§ What to produce
Restate, in full and unchanged, the entries that follow, but not their pictures.

§ Supplied data
##########

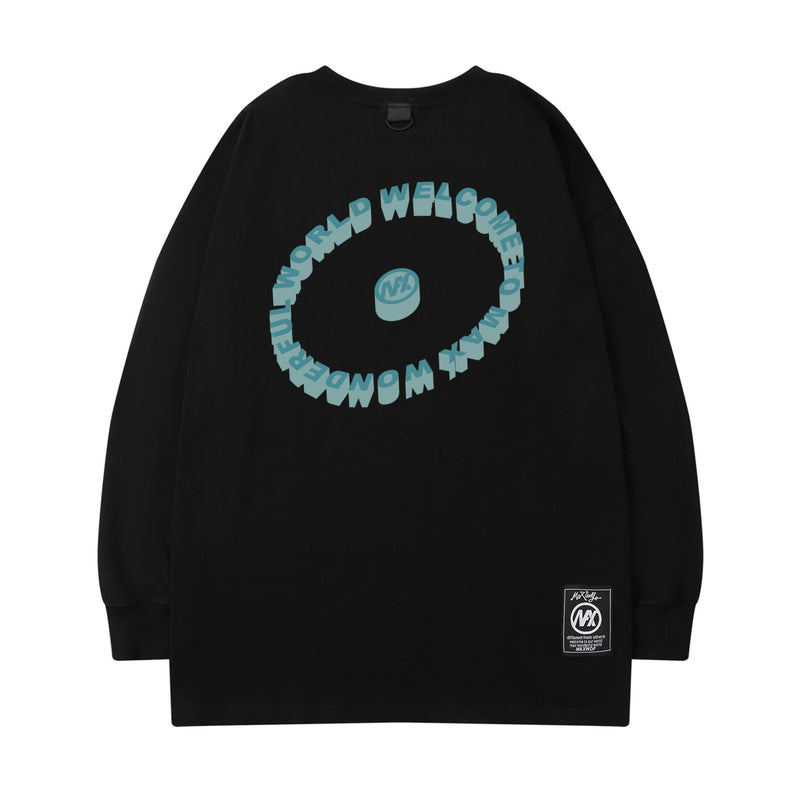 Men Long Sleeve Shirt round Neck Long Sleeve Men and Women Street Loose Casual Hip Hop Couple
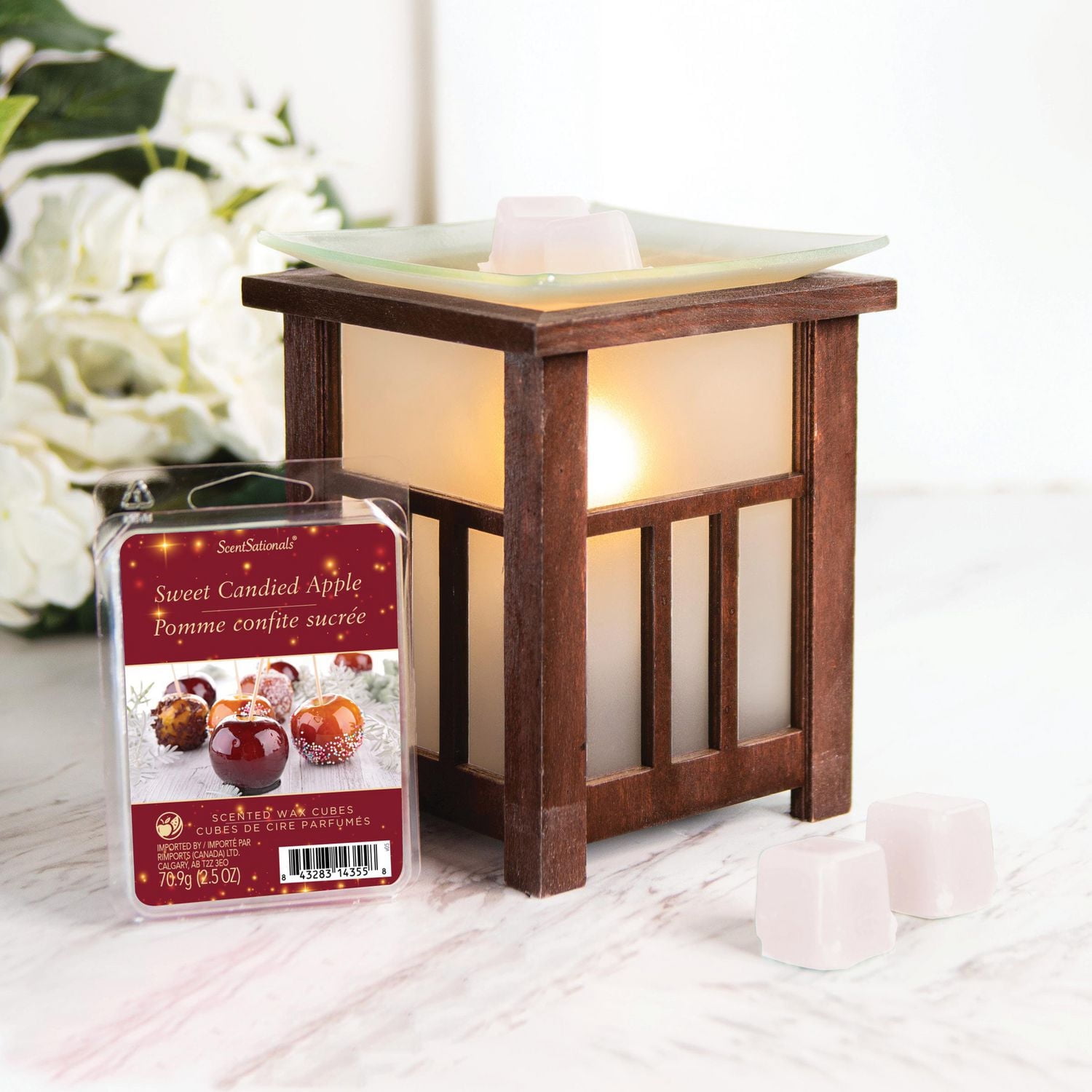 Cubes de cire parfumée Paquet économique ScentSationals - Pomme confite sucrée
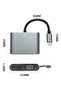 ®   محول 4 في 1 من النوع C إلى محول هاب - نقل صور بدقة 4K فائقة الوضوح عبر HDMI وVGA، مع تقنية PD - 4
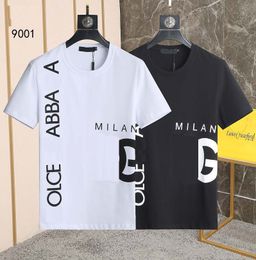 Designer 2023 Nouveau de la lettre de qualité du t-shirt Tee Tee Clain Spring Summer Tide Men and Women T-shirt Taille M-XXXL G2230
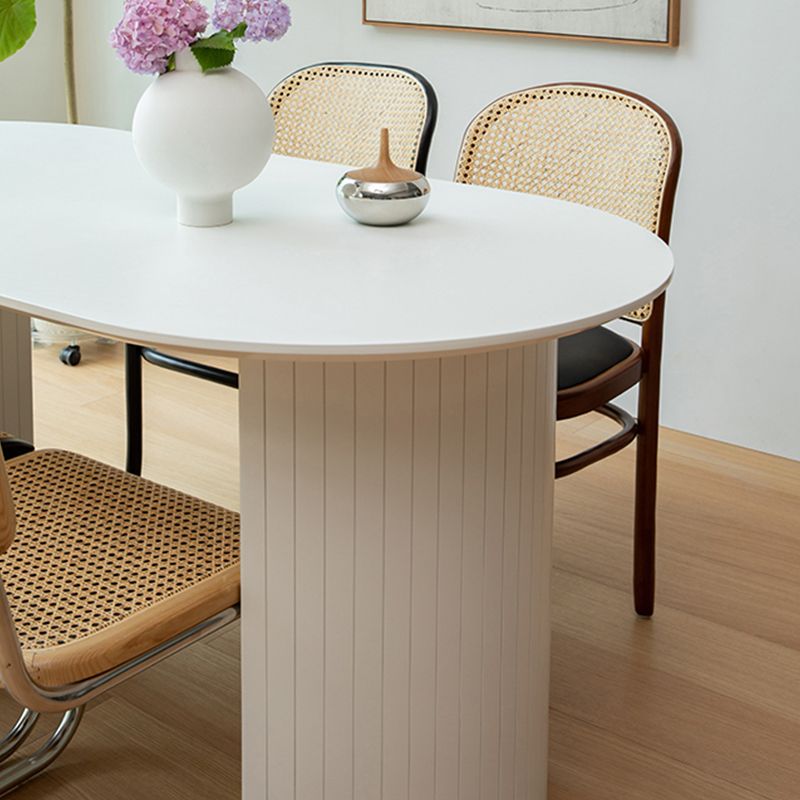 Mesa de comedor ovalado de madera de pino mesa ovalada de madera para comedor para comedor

##########

§ Answer area
 Men Long Sleeve Shirt round Neck Long Sleeve Men and Women Street Loose Casual Hip Hop Couple
 Cubes de cire parfumée Paquet économique ScentSationals - Pomme confite sucrée
 ®   محول 4 في 1 من النوع C إلى محول هاب - نقل صور بدقة 4K فائقة الوضوح عبر HDMI وVGA، مع تقنية PD - 4
 Designer 2023 Nouveau de la lettre de qualité du t-shirt Tee Tee Clain Spring Summer Tide Men and Women T-shirt Taille M-XXXL G2230
 Mesa de comedor ovalado de madera de pino mesa ovalada de madera para comedor para comedor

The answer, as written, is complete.